**Work required:** Beginning at the line containing "A Collection of", give again every line through the end of the data, unchanged and with both ends included. Drop any pictures.

**Material supplied:**

※ ※ ※

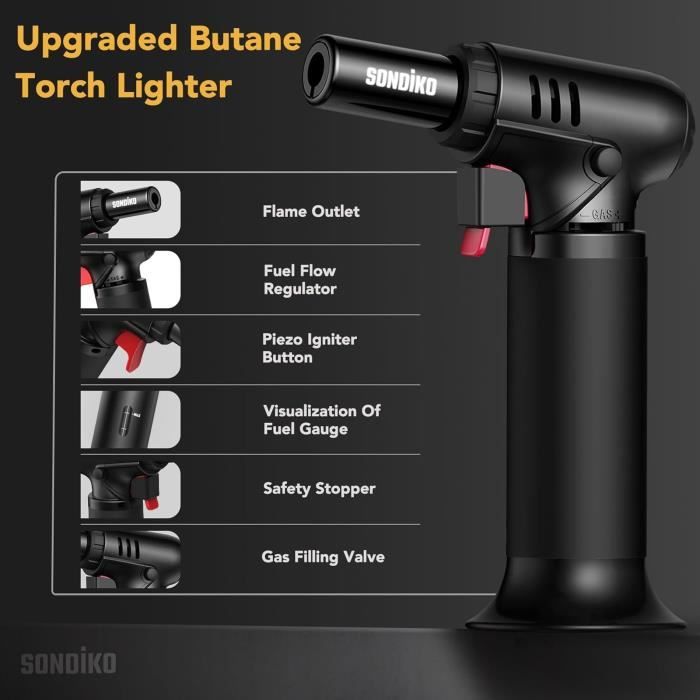 Sondiko Kitchen Torch, S907 with Fuel Gauge
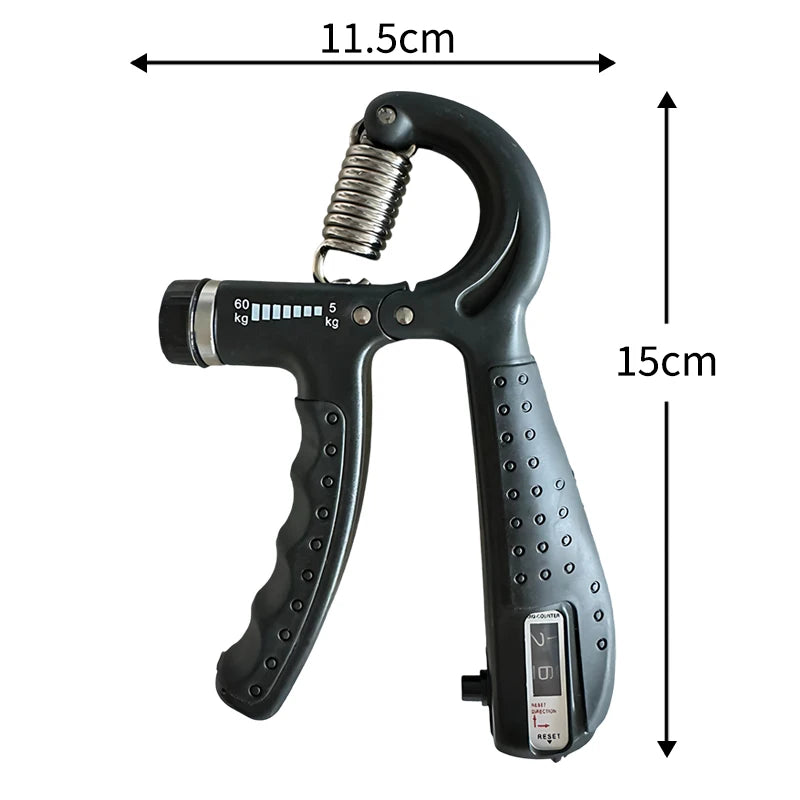 Hand Grip Strengthener Kit Adjustable Counting Gripper Finger Trainer Silicone Grip Ring Wrist Forearm Exercise Fitness Rehabilitation Set Finger Exerciser Wrist Recovery Trainer For Arthritis Carpal Tunnel Muscle Strength Tr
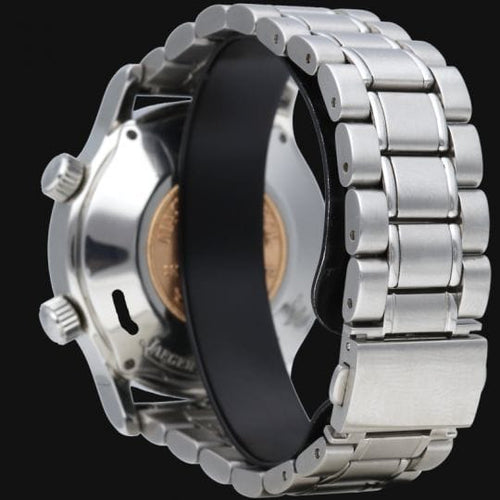 Montre Jaeger-LeCoultre Master Réveil - Montre automatique homme 41 mm en acier 58 Facettes MT44731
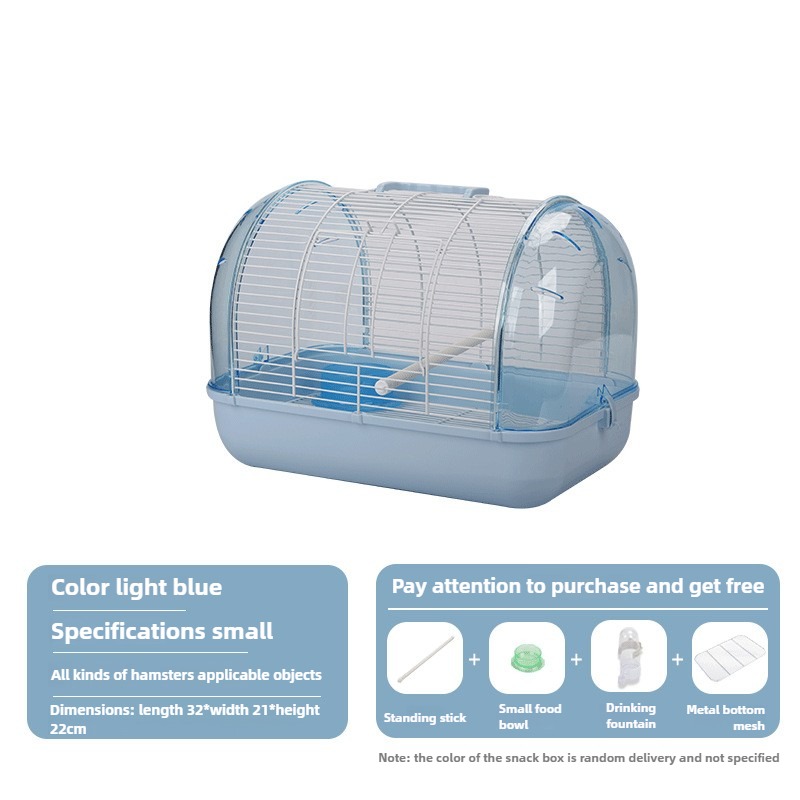 Panoramic View Transparent Bird Travel Carrier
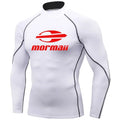 Rash Guard camiseta de natação masculina para praia com proteção UV, estilo maiô, ideal para surfe e mergulho. Manga longa.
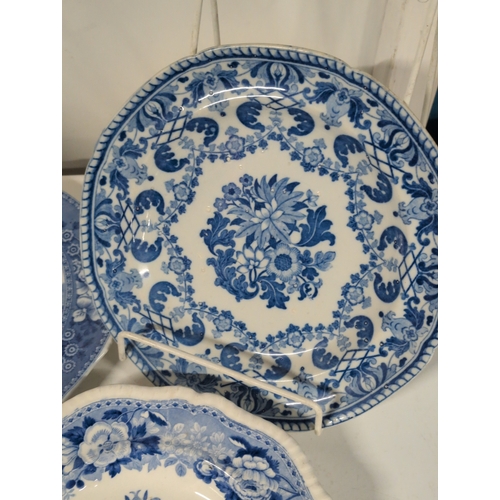 A Collection of assorted Spode Blue Room & Blue and White Transferware ...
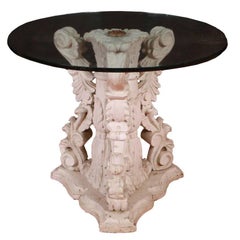 Carved Pine Lamp Table Antique Carved Pine Lamp Table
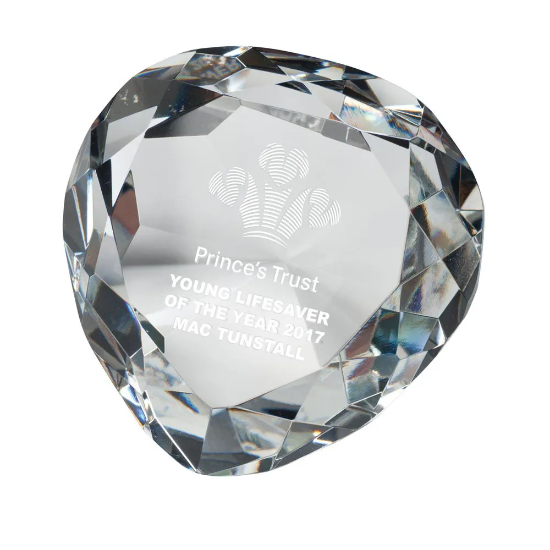 Venus Optical Crystal Paperweight 80mm  (50mm Width)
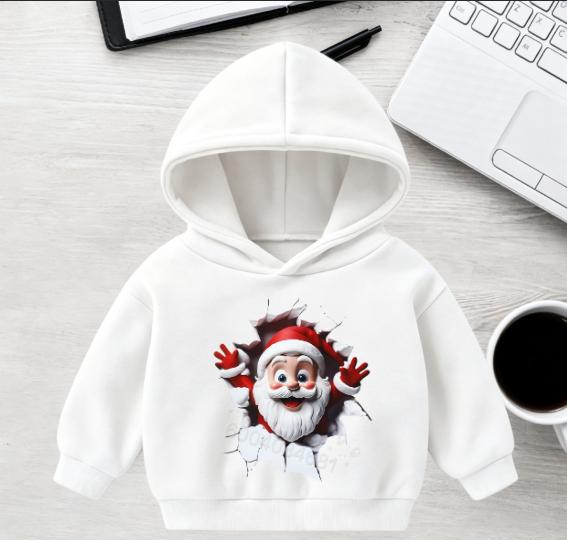 Herbst/Winter Kinder Freizeit Kapuzenpullover - Trendige Weihnachts Kollektion - Große Größe Bequemer Pullover Sweatshirt
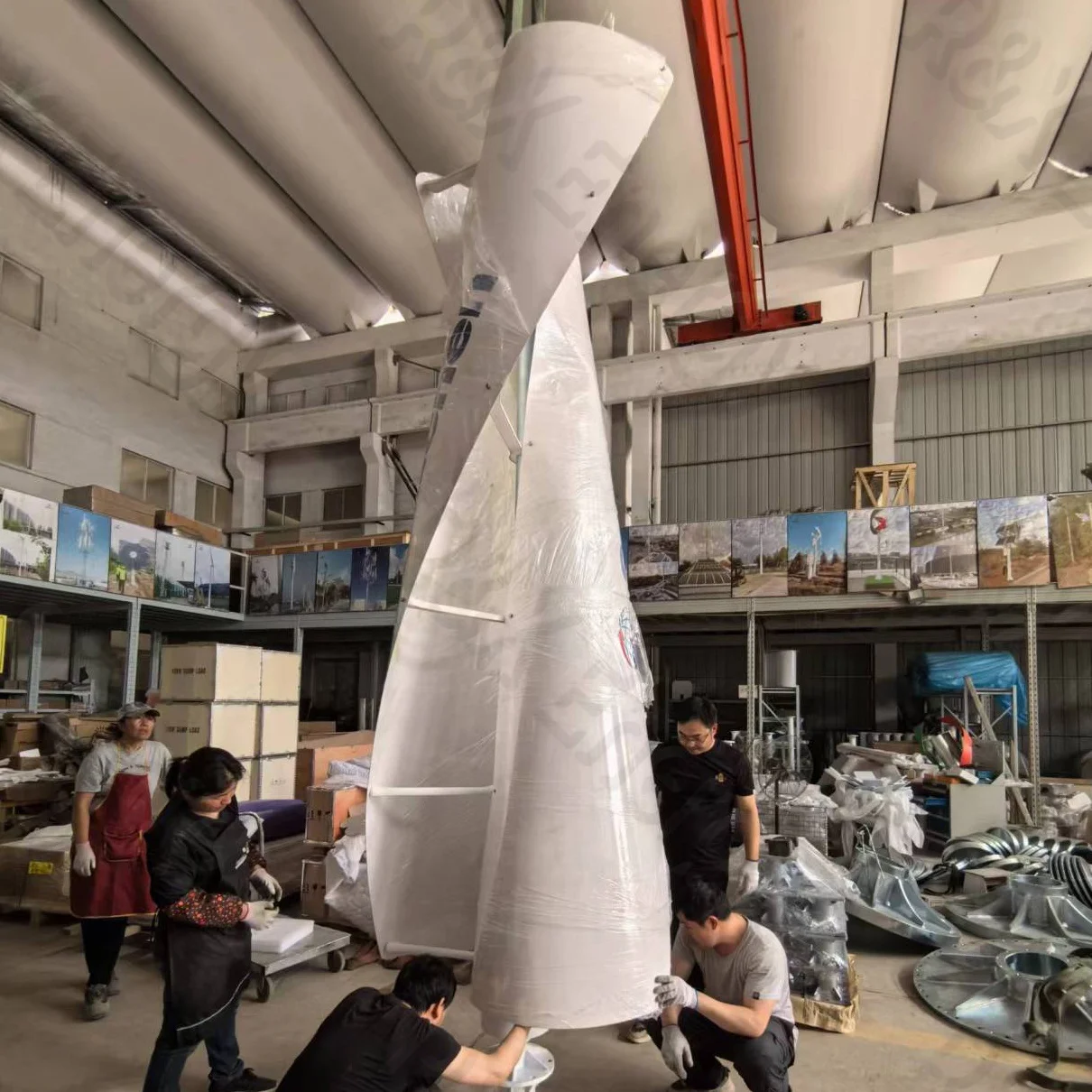 Solar Panels And 5KW 10KW Wind Turbine Generator Hybrid Wind Solar Power System for Home Use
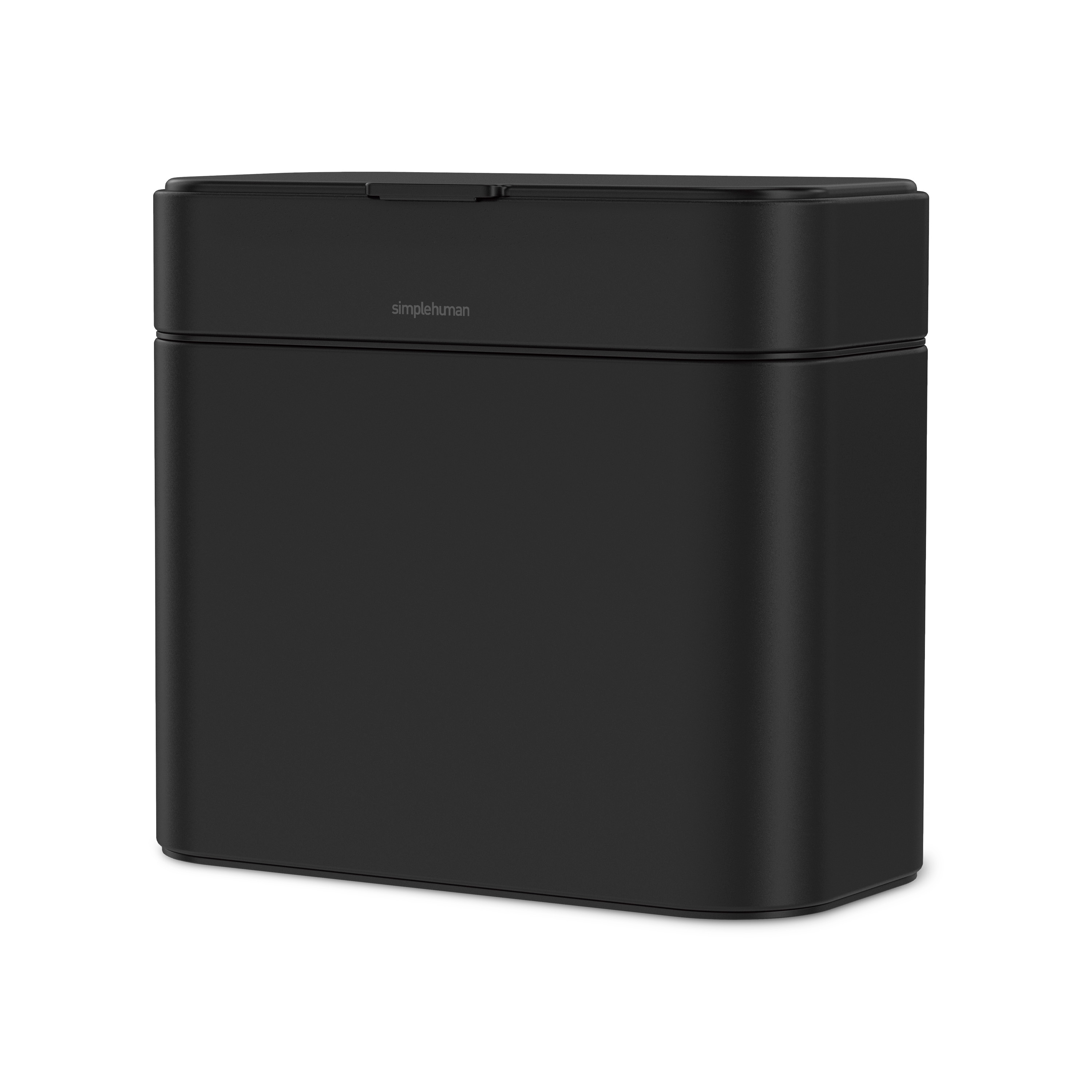 simplehuman CW1647 Compost Bin with Magnetic Docking Caddy, 5 Liter Black Metal Indoor Kitchen Hinged Lid Trash Can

※ ※ ※

**Answer below:**
 A Collection of assorted Spode Blue Room & Blue and White Transferware ...
 Carved Pine Lamp Table Antique Carved Pine Lamp Table
 Venus Optical Crystal Paperweight 80mm  (50mm Width)
 Herbst/Winter Kinder Freizeit Kapuzenpullover - Trendige Weihnachts Kollektion - Große Größe Bequemer Pullover Sweatshirt
 Solar Panels And 5KW 10KW Wind Turbine Generator Hybrid Wind Solar Power System for Home Use
 simplehuman CW1647 Compost Bin with Magnetic Docking Caddy, 5 Liter Black Metal Indoor Kitchen Hinged Lid Trash Can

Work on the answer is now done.